100g (4oz) gluten-free flour
1 1/2 x 5ml spoons (1 1/2 teaspoons) gluten-free baking powder
1/8 x 5ml spoon (1/8 teaspoon) xanthan gum
100g (4oz) dairy-free margarine
100g (4oz) caster sugar
25g (1oz) desiccated coconut
1 lime, grated rind only
2 medium eggs
1 x 15ml spoon (1 tablespoon) dairy-free milk
2 x 15 ml spoons (2 tablespoons) caster sugar
1 lime, juice only
What to do:
- Heat your oven to 180'C / 350'F / Gas Mark 4.
- Lightly oil the base of a 1 lb loaf tin and line with greaseproof paper.

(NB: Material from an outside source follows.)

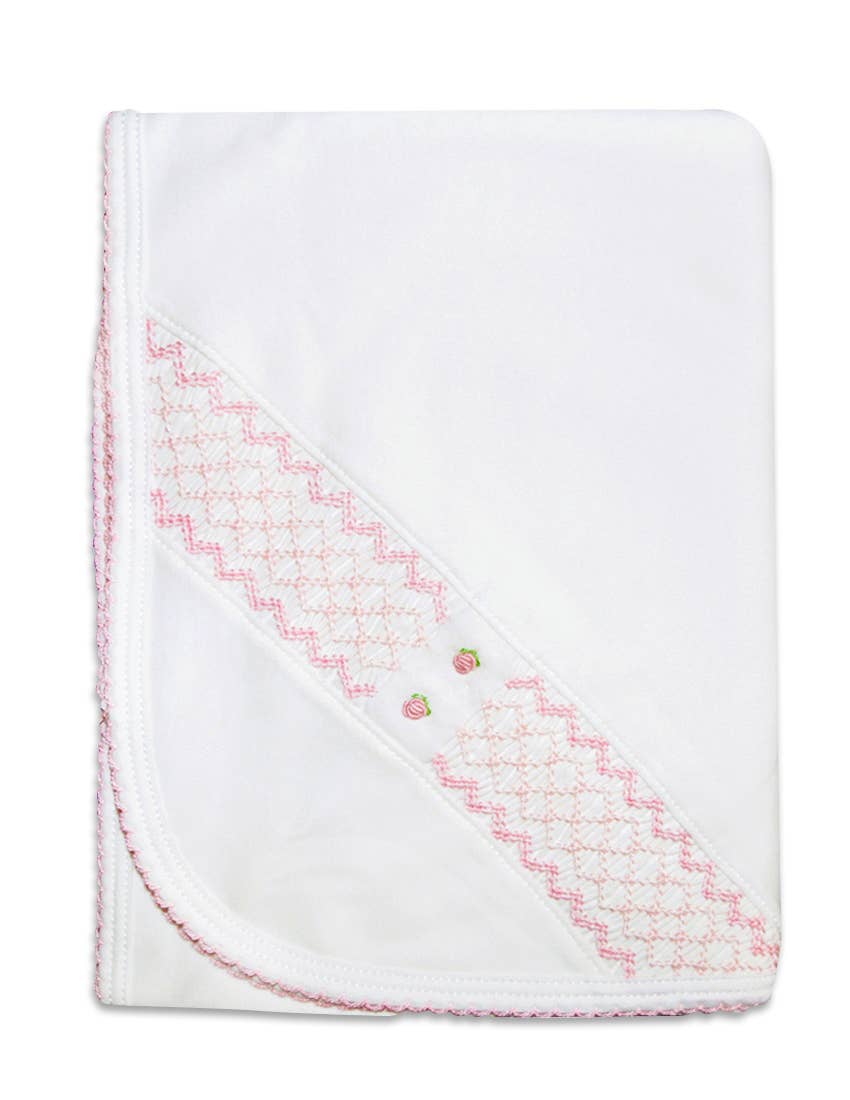 Baby Girl's White Pima Cotton Smocked Flower Blanket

- In a medium bowl, place all the cake ingredients and beat together well, until the mixture is light and fluffy.
- Spoon the mixture in to the prepared loaf tin, smooth over the top and bake for about 40-45 minutes until a metal knife, inserted into the middle of the cake, comes out clean.
- To make the topping mix the sugar and lime juice together in a small bowl.
- Turn out the cake on to a serving plate and evenly spoon the sugar and lime juice mixture over the top of the cake, allowing it to soak in and run down the sides. Sprinkle with extra desiccated coconut.